La nef de quatre travées est voûtée en berceau plein cintre reposant sur cinq arcs doubleaux. La poussée des voûtes se trouvait contrebutée côté extérieur par des contreforts dont la plupart sont conservés, plus ou moins intégrés aux constructions adventices. À l’intérieur, les doubleaux massifs, à arêtes vives, retombent sur des piles engagées de même profil. On peut supposer que les modestes dosserets qui devaient à l’origine séparer les doubleaux des piles à la base de la voûte, ont servi à fixer le niveau de l’actuelle corniche filante, en plâtre. Les murs intérieurs sont rythmés par une arcade par travée, également tracée en plein cintre. L’ensemble de ce dispositif, bien identifié par notre collègue Alain de Montjoye comme caractéristique de la construction romane en Matheysine et en Trièves, signale le XIIe siècle[1]. Il est probable que d’étroites fenêtres éclairaient la nef, à raison d’une par travée. Pour rester dans la toute proximité de Saint-Jean-de-Vaulx, citons les églises de Notre-Dame-de-Vaulx, de Saint-Théoffrey (malheureusement à l’état de ruine) ou la chapelle des templiers de Saint-Firmin à Notre-Dame-de-Mésage, en bas de la côte de Laffrey. On retrouve d’imposants contreforts par exemple à l’église Sainte-Marie du Genevrey à Vif ou à celle de Mayres, également dédiée au baptiste.

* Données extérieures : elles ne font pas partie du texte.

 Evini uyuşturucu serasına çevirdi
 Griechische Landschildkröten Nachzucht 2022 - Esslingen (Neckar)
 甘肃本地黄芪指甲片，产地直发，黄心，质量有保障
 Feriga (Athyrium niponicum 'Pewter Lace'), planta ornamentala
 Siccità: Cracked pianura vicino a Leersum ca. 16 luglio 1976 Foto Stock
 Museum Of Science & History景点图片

[1] De Montjoye (A.), Aspects religieux du Moyen Âge. Dans Patrimoine en Isère. Trièves, Grenoble 1996, p. 85 à 99.
On pourrait rapporter à un second temps le chœur de plan carré, voûté en berceau brisé. Légèrement désaxé par rapport à la nef, il est éclairé par une fenêtre d’axe qui présente une large embrasure interne assurant l’entrée de la lumière. Son encadrement extérieur en blocs de tuf, légèrement ébrasé, est couvert par un arc en tiers point, souligné par un cordon qui se retourne au niveau de l’imposte. Une datation dans la première moitié du XIVe siècle semble plausible. La fenêtre sud est insérée postérieurement.

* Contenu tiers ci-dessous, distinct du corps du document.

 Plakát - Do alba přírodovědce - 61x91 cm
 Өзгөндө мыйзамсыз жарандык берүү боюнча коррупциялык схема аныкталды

Par la suite, les murs gouttereaux sont percés pour installer des chapelles, dont l’une côté nord, doit remonter à la fin du Moyen Âge : elle présente des caractères gothiques encore affirmés. Celle qui lui fait face pourrait être un peu plus récente. C’est une belle construction couverte par une voûte quadripartite sur croisée d’ogives. Les nervures prismatiques et les arcs formerets retombent en pénétration dans un massif en quart-de-rond appuyé sur un culot sculpté. Deux portent des motifs ornementaux (godrons, fleurons) et les deux autres des visages, l’un d’homme côté nord, l’autre de femme comme le signale la coiffure tressée, côté sud. Une datation vers le milieu du XVIe siècle est proposée. C’est sans doute en raison des percements réalisés pour la création des différentes chapelles que la voûte médiévale de la nef a été fragilisée ; elle paraît tassée et légèrement désaxée. Le clocher-porche, orné d’une flèche à quatre pans en tuf, décorée de lucarnes, pourrait avoir été dressé après 1631 d’après les archives.
L’édifice a connu encore quelques transformations limitées (percements, disparition de la tribune) et se trouve orné d’un décor à base de trompe-l’œil : faux lambris et architecture feinte, motifs de croisillons et de médaillons. Les archives signalent des travaux d’embellissement en 1935, qui pourraient correspondre à ce décor peint.